Dimensional modeling provides set of methods and concepts that are used in DW design. According to DW consultant, Ralph Kimball, dimensional modeling is a design technique for databases intended to support end-user queries in a data warehouse. It is oriented around understandability and performance. According to him, although transaction-oriented ER is very useful for the transaction capture, it should be avoided for end-user delivery.
Dimensional modeling always uses facts and dimension tables. Facts are numerical values which can be aggregated and analyzed on the fact values. Dimensions define hierarchies and description on fact values.
Dimension table stores the attributes that describe objects in a Fact table. A Dimension table has a primary key that uniquely identifies each dimension row. This key is used to associate the Dimension table to a Fact table.
Dimension tables are normally de-normalized as they are not created to execute transactions and only used to analyze data in detail.
In the following dimension table, the customer dimension normally includes the name of customers, address, customer id, gender, income group, education levels, etc.
Fact table contains numeric values that are known as measurements. A Fact table has two types of columns − facts and foreign key to dimension tables.
Measures in Fact table are of three types −
Additive − Measures that can be added across any dimension.
Non-Additive − Measures that cannot be added across any dimension.
Semi-Additive − Measures that can be added across some dimensions.
|Time ID||Product ID||Customer ID||Unit Sold|
This fact tables contains foreign keys for time dimension, product dimension, customer dimension and measurement value unit sold.
Suppose a company sells products to customers. Every sale is a fact that happens within the company, and the fact table is used to record these facts.

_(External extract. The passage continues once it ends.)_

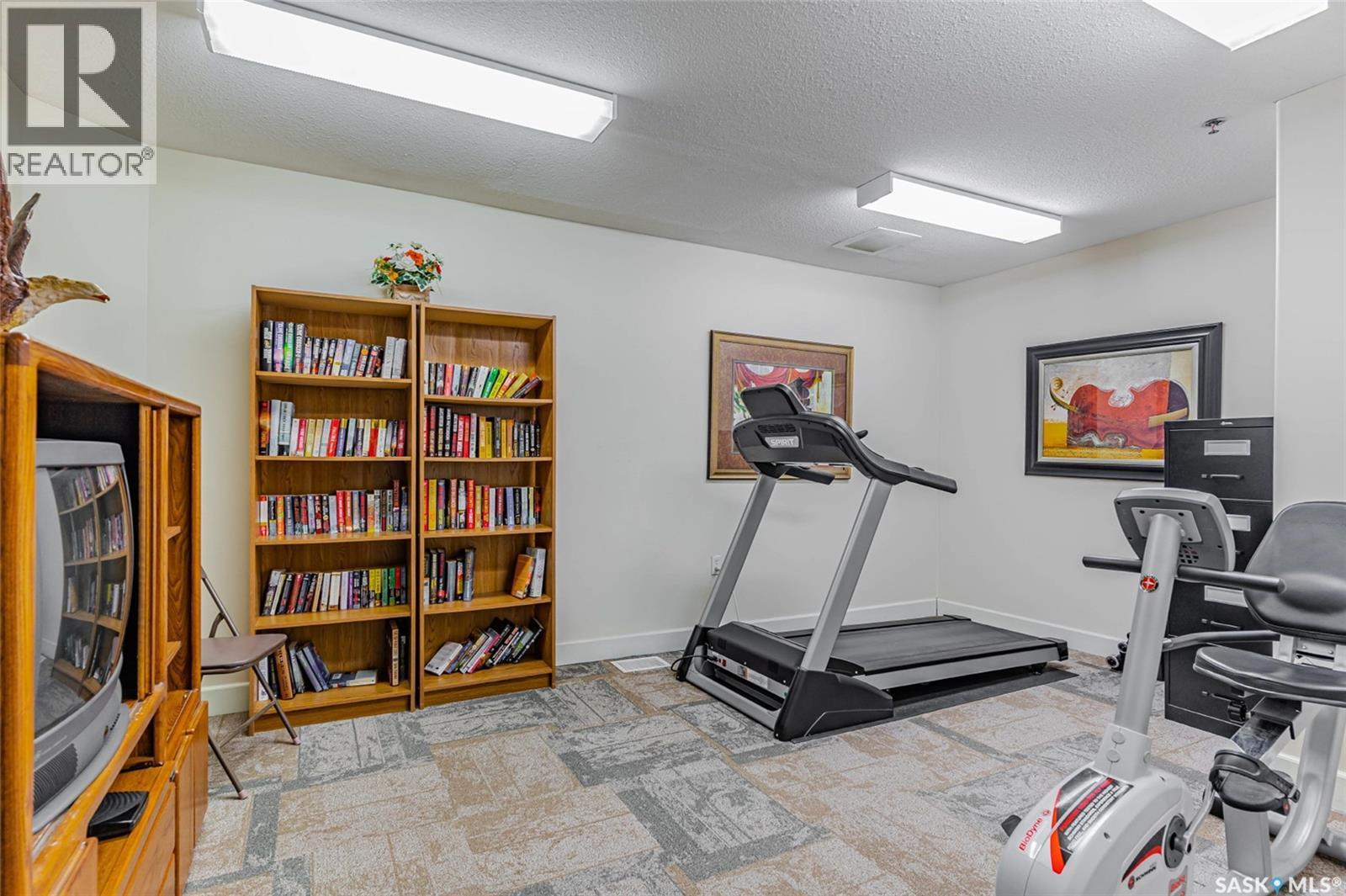 #215 2213 Adelaide STREET E - 28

Common facts are − number of unit sold, margin, sales revenue, etc. The dimension table list factors like customer, time, product, etc. by which we want to analyze the data.
Now if we consider the above Fact table and Customer dimension then there will also be a Product and time dimension. Given this fact table and these three dimension tables, we can ask questions like: How many watches were sold to male customers in 2010?

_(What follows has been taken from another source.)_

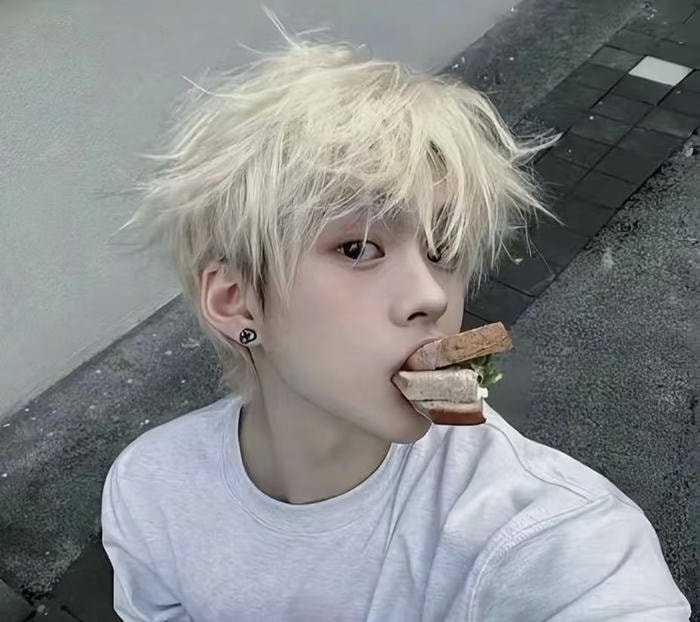 kiểu tóc bạch kim avatar nam tóc trắng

The functional difference between dimension tables and fact tables is that fact tables hold the data we want to analyze and dimension tables hold the information required to allow us to query it.
Aggregate table contains aggregated data which can be calculated by using different aggregate functions.

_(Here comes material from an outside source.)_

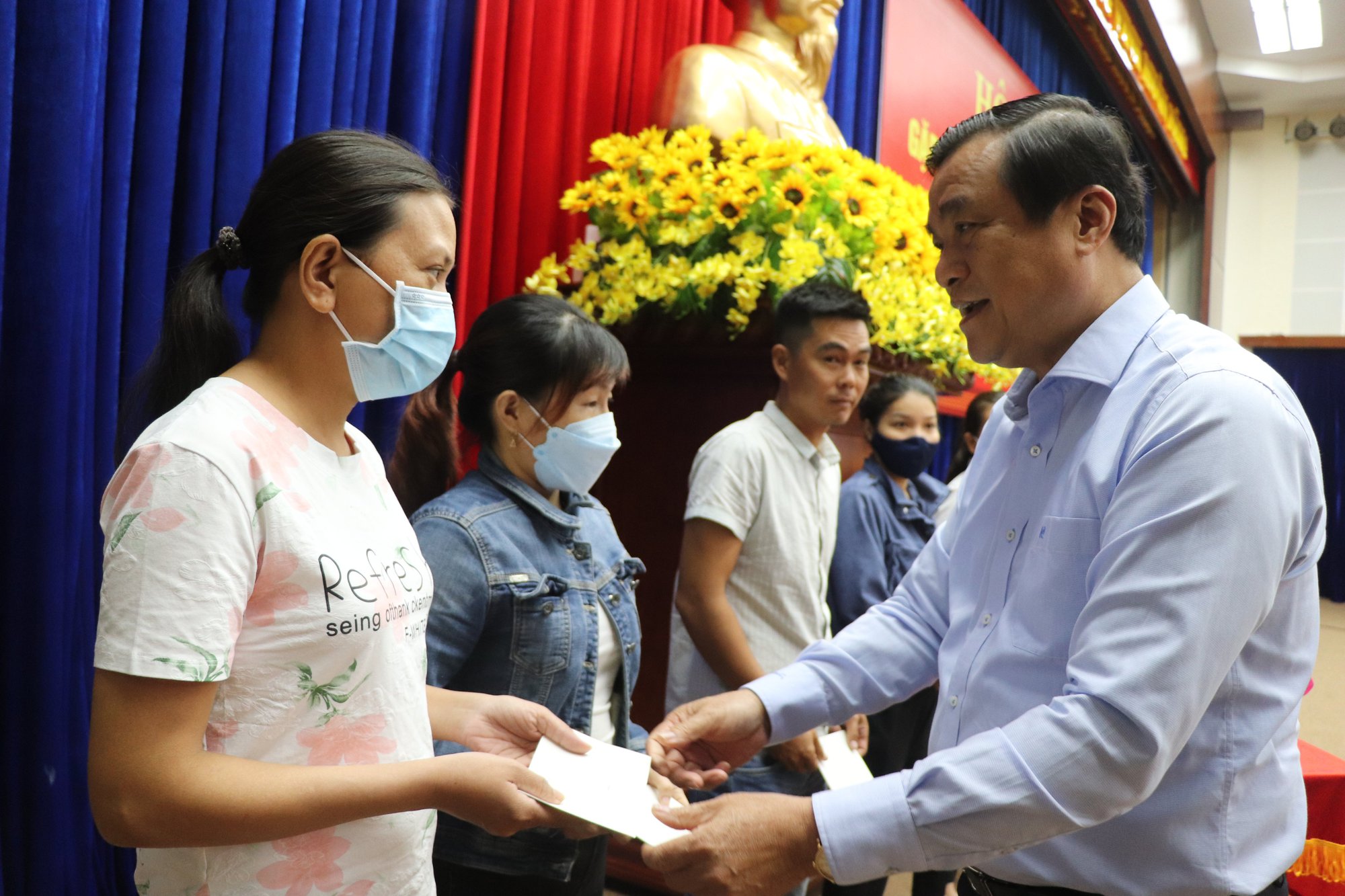 Sau đối thoại với B&iacute; thư Quảng Nam, 128 c&ocirc;ng nh&acirc;n được hỗ trợ tiền thu&ecirc; nh&agrave; - Ảnh 2.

An aggregate function is a function where the values of multiple rows are grouped together as input on certain criteria to form a single value of more significant meaning or measurement.
Common aggregate functions include −
These aggregate tables are used for performance optimization to run complex queries in a data warehouse.
You save tables with aggregated data like yearly (1 row), quarterly (4 rows), monthly (12 rows) and now you have to do comparison of data, like Yearly only 1 row will be processed. However in an un-aggregated table, all the rows will be processed.
|MIN||Returns the smallest value in a given column|
|MAX||Returns the largest value in a given column|
|SUM||Returns the sum of the numeric values in a given column|
|AVG||Returns the average value of a given column|
|COUNT||Returns the total number of values in a given column|
|COUNT (*)||Returns the number of rows in a table|
Select Avg (salary) from employee where title = ‘developer’. This statement will return the average salary for all employees whose title is equal to 'Developer'.
Aggregations can be applied at database level. You can create aggregates and save them in aggregate tables in the database or you can apply aggregate on the fly at the report level.
Note − If you save aggregates at the database level it saves time and provides performance optimization.